Paul took a last gasp of air, his lips contorted, his eyes wide like a deer’s on the road, as if the weight of something awful were speeding toward him. Mills suddenly wondered if he’d done the right thing. As a young person he had assumed birthdays to be universally positive occasions. He hadn’t taken into account that older men might prefer to close the windows and let them blow by, checking for damage only in their aftermath.
“I’m sorry. I thought it would make you happy.”
Paul’s mouth fidgeted. He was not a successful liar. Whatever had been bothering him continued its affliction, and the flames remained on their wicks.
“I am happy,” he stammered. “It’s just . . . I was going to bring something up, but it doesn’t seem like the right time anymore, so—”

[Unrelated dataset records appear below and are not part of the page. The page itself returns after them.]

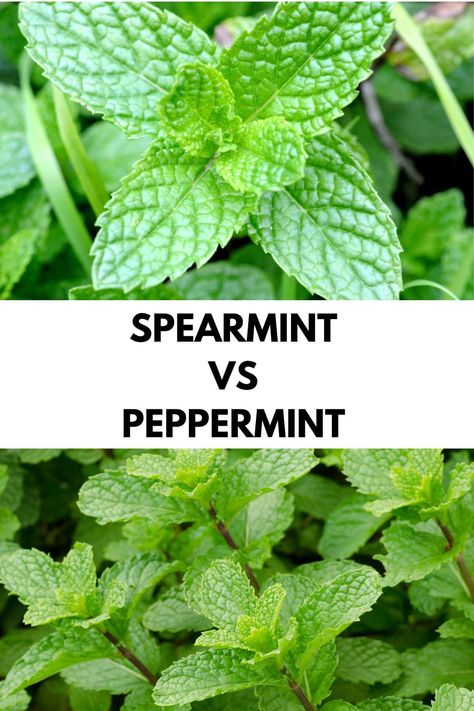 Spearmint Vs Peppermint: Differences and Health Benefits - Healthier Steps Spearmint Tea Benefits, Mullein Tea, Peppermint Plants, Spearmint Tea, Herb Gardens, Mint Plants, Herbal Apothecary, Peppermint Leaves, Peppermint Tea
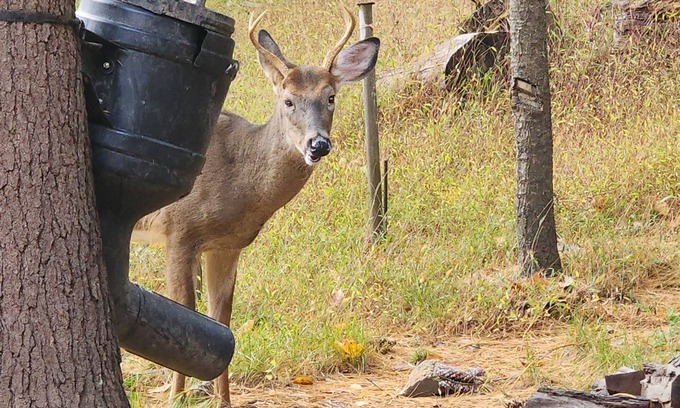 Antes Fort Cabin | Charming 3-bedroom cabin with WiFi, AC in tranquil Waterville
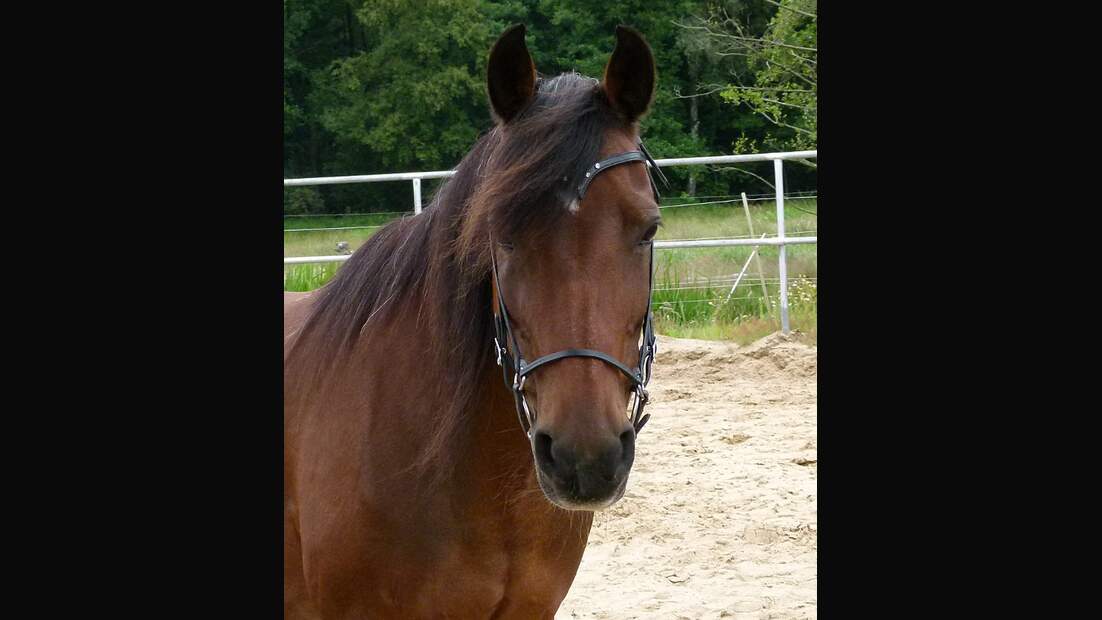 CAV Pferdesenioren Jenny Stute 25 MS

“What is it? Just tell me.” A lump grew in Mills’s throat. Paul pulled the blue winter coat off the back of his chair, the one Mills liked to borrow. Paul shoved his hand in its front pocket and withdrew a rolled-up plastic Baggie, which Mills immediately recognized as the pot he’d removed from Tommy’s safe. The pebble in his throat swelled to a tennis ball. In his excitement over finding the journal, he’d forgotten to dispose of Tommy’s stash. Paul watched his response with dark eyes.
“Paul,” he said, begging, “it isn’t mine.” The same words every human being since the creation of recreational drugs has uttered whenever illegal substances were found in their possession. The ring of implausibility wasn’t diminished by the fact that the pot actually wasn’t his, and certainly not by the fact that Mills couldn’t reveal how he’d acquired it—stealing it from a broken safe at a crime scene. He queasily felt the guilt of Tommy’s drug use slide onto him, like a hitchhiker on a road near a state prison.